The package integrates ANOVA-based point estimation, confidence intervals, and hypothesis testing for ICC, unifying otherwise scattered functionalities into a coherent interface that enforces consistent design specifications. It provides users with decision framework prompts, clear warnings for use-with-caution ICC forms, and standardized output formats. Sample size estimation supports dual planning modes (lower bound assurance and CI half-width) along with inverse assurance (power) calculation. Evaluation includes automated reliability category assignment with notifications when interval uncertainty spans key thresholds.

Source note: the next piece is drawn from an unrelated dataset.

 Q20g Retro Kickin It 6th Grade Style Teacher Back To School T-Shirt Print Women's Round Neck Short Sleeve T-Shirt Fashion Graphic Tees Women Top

ICCDesign thereby enhances analytical rigor, usability, and reduces error risk in ICC reliability study workflows.

Key findings

ICCDesign implements all ten ICC forms from McGraw and Wong (1996), including six standard forms and four additional use-with-caution combinations.
The package includes a four-step decision framework to guide users toward the appropriate ICC form based on study design parameters.
It provides ANOVA-based F-distribution confidence intervals and one-tailed hypothesis tests both for zero-ICC null and user-specified ICC threshold alternatives (rho0).
Sample size planning is based on Zou (2012) closed-form formulas with two modes: lower bound assurance requiring P(LowerCI≥rho0)≥gamma and CI half-width assurance, plus inverse assurance calculation.
Automated reliability grading follows Koo and Li (2016) criteria applied to the ICC confidence interval lower bound, with uncertainty notifications when the 0.75 threshold is spanned.
The package offers an interactive Shiny web app that supports data input, ICC analysis, sample size planning, and report download without coding.
Comparison to existing R packages shows ICCDesign uniquely combines full ICC type coverage, decision guidance, sample size calculation, reliability grading, preprocessing utilities, and a consistent interface.
In examples with a simulated 5-subject × 4-rater dataset showing ICC ~0.8, the package correctly classifies "Good" reliability and produces expected results for multiple ICC types.

Methodology — deep read

ICCDesign assumes a standard reliability study setting where continuous responses are collected as one measurement per subject-rater cell within a balanced design. The threat model aligns with typical measurement reliability studies, without adversarial considerations.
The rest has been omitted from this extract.